## What this task involves
A verbatim copy of the data is wanted, minus any picture in it.

━━━ Information supplied

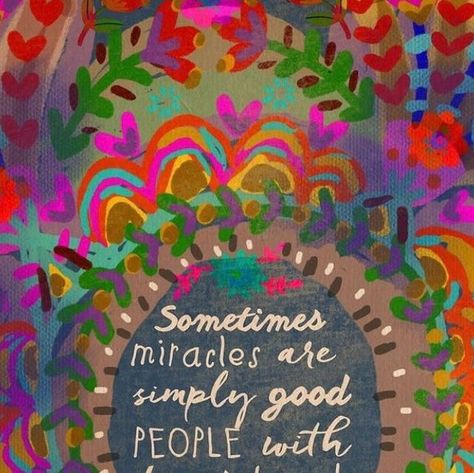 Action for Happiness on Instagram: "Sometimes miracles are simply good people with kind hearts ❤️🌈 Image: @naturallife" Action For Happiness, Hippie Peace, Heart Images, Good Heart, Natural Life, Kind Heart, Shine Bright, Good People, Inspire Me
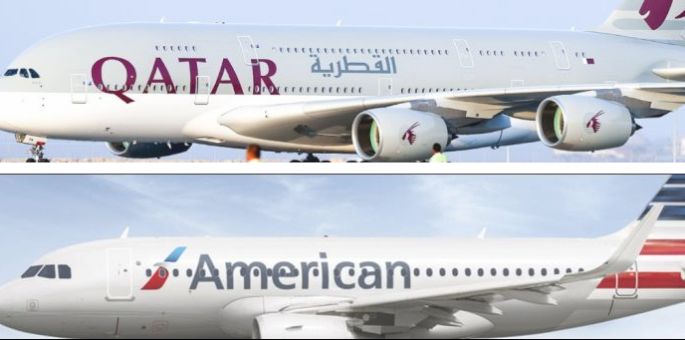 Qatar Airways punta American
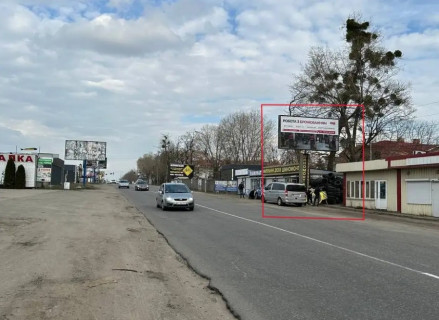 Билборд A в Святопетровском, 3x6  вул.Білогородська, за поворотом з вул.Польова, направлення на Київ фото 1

━━━━━━

## Exercise output
 Action for Happiness on Instagram: "Sometimes miracles are simply good people with kind hearts ❤️🌈 Image: @naturallife" Action For Happiness, Hippie Peace, Heart Images, Good Heart, Natural Life, Kind Heart, Shine Bright, Good People, Inspire Me
 Qatar Airways punta American
 Билборд A в Святопетровском, 3x6  вул.Білогородська, за поворотом з вул.Польова, направлення на Київ фото 1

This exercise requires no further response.